Plaintiff's second cause of action is for injunctive relief ordering defendant to provide plaintiff with a rent-stabilized renewal lease. (NYSCEF No. 2 at ¶ 29.) This claim turns on plaintiff's first cause of action, arguing that her apartment is subject to rent-stabilization. As discussed above, the first cause of action fails. Plaintiff's second cause of action is therefore subject to dismissal as well.


III. Plaintiff's Third Cause of Action

Plaintiff's third cause of action is for a money judgment against defendant, seeking three times the amount of the alleged rent overcharge (plus attorney fees). (NYSCEF No. 2 at ¶ 31.) This cause of action must be dismissed as time-barred.

The governing regulations provide that a lawsuit alleging overcharge claims must be filed "within four years of the first overcharge alleged, and no determination of an overcharge and no award or calculation of an award of the amount of an overcharge may be based upon an overcharge having occurred more than four years before the complaint is filed." (9 NYCRR 2526.1.) In 2019, HSTPA extended this four-year lookback period to six years. Plaintiff has alleged on this claim that she was first overcharged by defendant in her initial lease commencing in October 2006—nearly 16 years before plaintiff brought this action. (NYSCEF No. 2 at 14.) And a plaintiff may not amend a complaint to withdraw overcharge claims that accrued outside the statute of limitations in order to save the rest. (Direnna v Christensen, 57 AD3d 408, 408 [1st Dept 2008].) Because the first overcharge alleged here occurred more than six years before the complaint was filed, plaintiff's overcharge claims are untimely.

Nor does the fraud exception to the six-year lookback period render timely plaintiff's overcharge claim. A court may permit review of rental history beyond the designated period if a [*4]"tenant produced evidence of a fraudulent scheme to deregulate." (Regina Metro., 35 NY3d at 335.) Fraud consists of "evidence [of] a representation of material fact, falsity, scienter, reliance and injury." (Id. at 336 n 7; see also Barbarito v Zahavi, 107 AD3d 416, 419 [1st Dept 2013] [finding that plaintiff's cause of action for fraud failed because they did not allege material misrepresentations of fact].) Plaintiff did not plead any claims of fraud in her complaint or her opposition papers on this motion.[FN2]

Accordingly, it is

ORDERED that defendant's motion for partial summary judgment dismissing plaintiff's first, second, and third causes of action is granted, and those claims are dismissed; and it is further

ORDERED that the balance of the action is severed and shall continue.

DATE 8/11/2023 Footnotes

Footnote 1: Although high-rent vacancy deregulation was abolished by HSTPA, defendant's position is that the apartment was permissibly deregulated in 2003 when high-rent deregulation was still in effect. Thus, assessing whether the 2003 deregulation was proper entails looking to pre-HSTPA law.

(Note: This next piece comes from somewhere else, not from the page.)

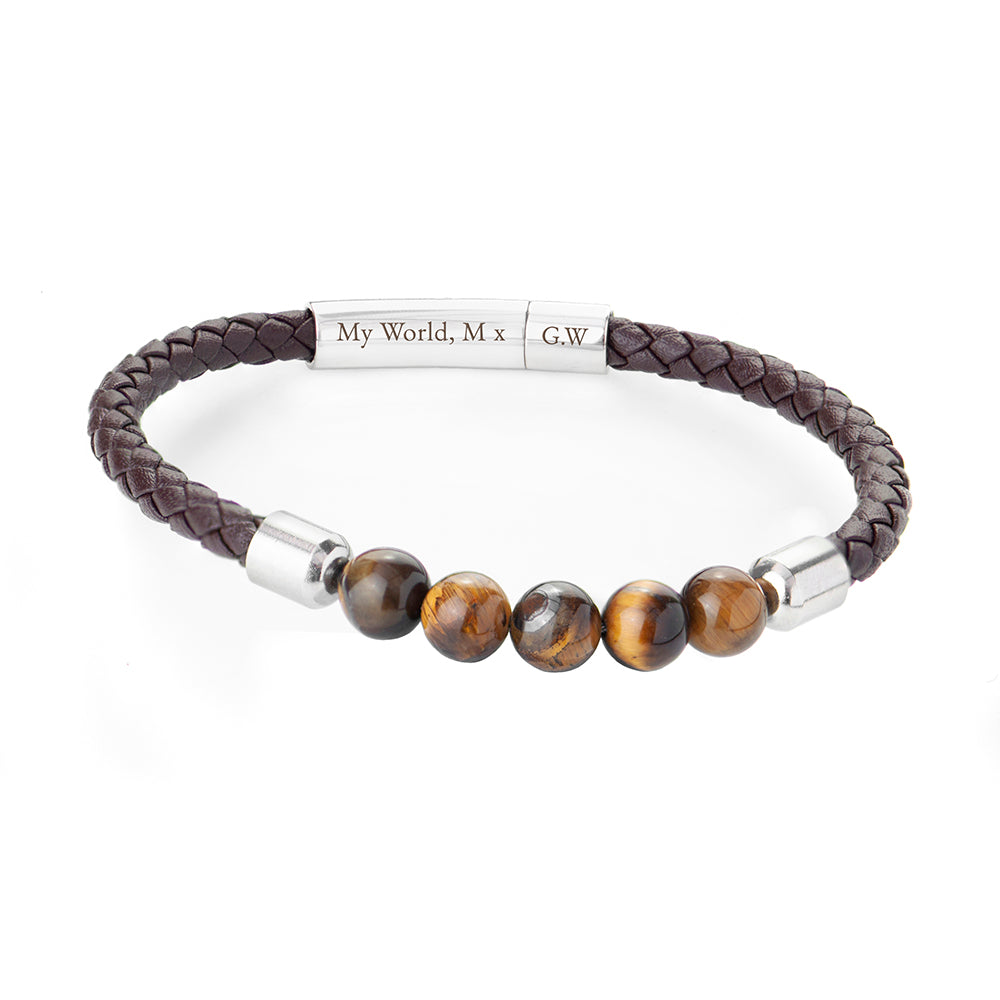 Personalized Men's Woven Tiger's Eye Bracelet - Lovesakes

Footnote 2: Plaintiff and defendant each also argue that the opposing party's motion is not supported by an affidavit of someone with personal knowledge and thus should be disregarded. (NYSCEF No. 22 at 1; NYSCEF No. 26 at 4.) These arguments are unpersuasive. The challenged affidavits permissibly "serve as a vehicle for the submission of acceptable attachments providing . . . evidentiary proof in admissible form." (Zuckerman, 49 NY2d at 563; see also Bovis Lend Lease LMB, Inc. v St. Paul Fire & Marine Ins. Co., 2011 NY Slip Op 30763[U], at *6-7 [Sup Ct, NY County Mar. 31, 2011] [rejecting nonmovant's argument that a summary-judgment motion must be denied because it is not supported by an affidavit from an individual with personal knowledge].)